Period Prevalence of Antenatally Diagnosed Congenital abnormalities; Single Center Study

Research Article | DOI: https://doi.org/10.31579/2578-8965/155

Period Prevalence of Antenatally Diagnosed Congenital abnormalities; Single Center Study

  • Elham Al Mardawi 1*
  • Asrar Bajaba 2
  • Ahmad Talal Chamsi 1

1 MFM Unit, Department of Obstetrics and Gynecology, Security Forces Hospital, Riyadh, Saudi Arabia.

2 Obstetrics and Gynecology Department, Specialized medical center, Riyadh, Saudi Arabia.

*Corresponding Author: Elham Al Mardawi, MFM Unit, Department of Obstetrics and Gynecology, Security Forces Hospital, Riyadh, Saudi Arabia.

Citation: Elham A. Mardawi, Asrar Bajaba, Ahmad T. Chamsi, (2023), Period Prevalence of antenatally diagnosed congenital abnormalities; Single Center Study, J. Obstetrics Gynecology and Reproductive Sciences, 7(8) DOI:10.31579/2578-8965/155

Copyright: © 2023, Elham Al Mardawi. This is an open-access article distributed under the terms of The Creative Commons Attribution License, which permits unrestricted use, distribution, and reproduction in any medium, provided the original author and source are credited.

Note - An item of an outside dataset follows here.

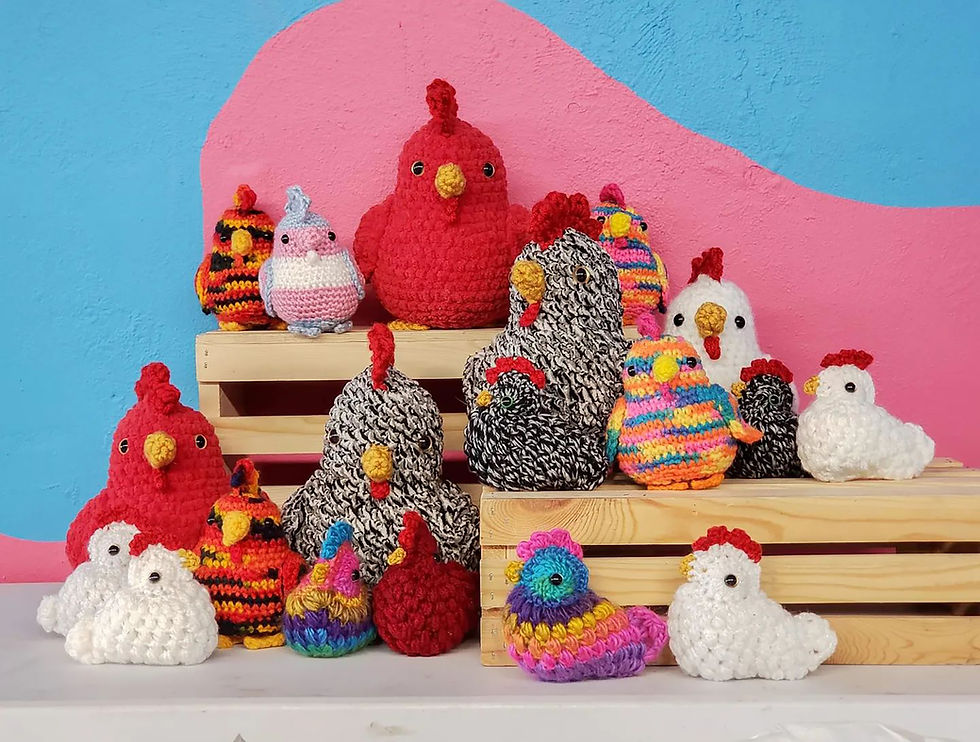 Thumbnail: Mews Roos - Sandy Chicken -Medium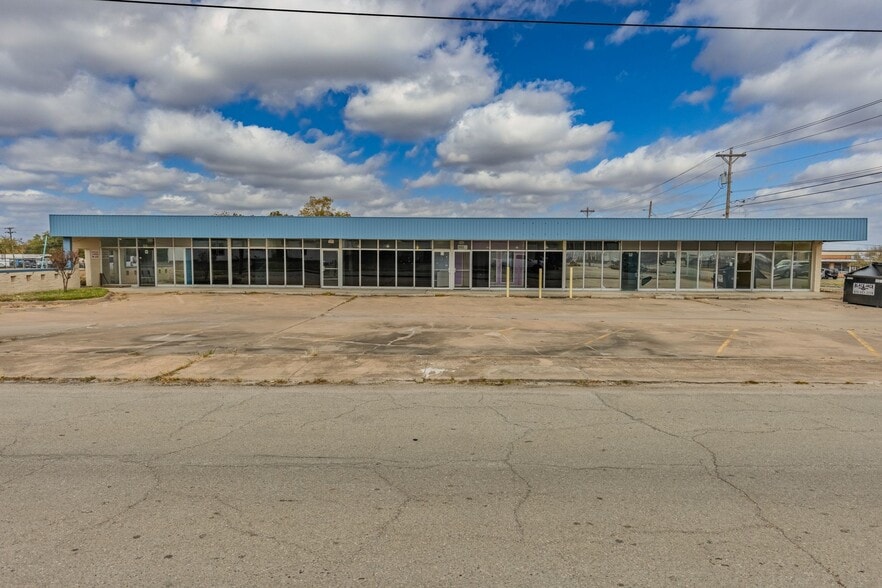 More Photos Of 2602-2606 Jones St, Greenville Freestanding For Sale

Received: 20 February 2023 | Accepted: 27 February 2023 | Published: 18 December 2023

Keywords: congenital; anomaly; abnormality; consanguinity; preconception

Abstract

Objective: To find out the period prevalence of congenital malformation diagnosed in security forces hospital – Riyadh –kingdom of Saudi Arabia, during the study period from Jan 2012 till Dec 2014 and the possible associated risk factors.

Method: This is a retrospective chart review of all pregnant ladies who were following at security forces hospital – Riyadh – in the period between Jan 2012 till Dec 2014 in whom congenital abnormalities were diagnosed by ultrasound.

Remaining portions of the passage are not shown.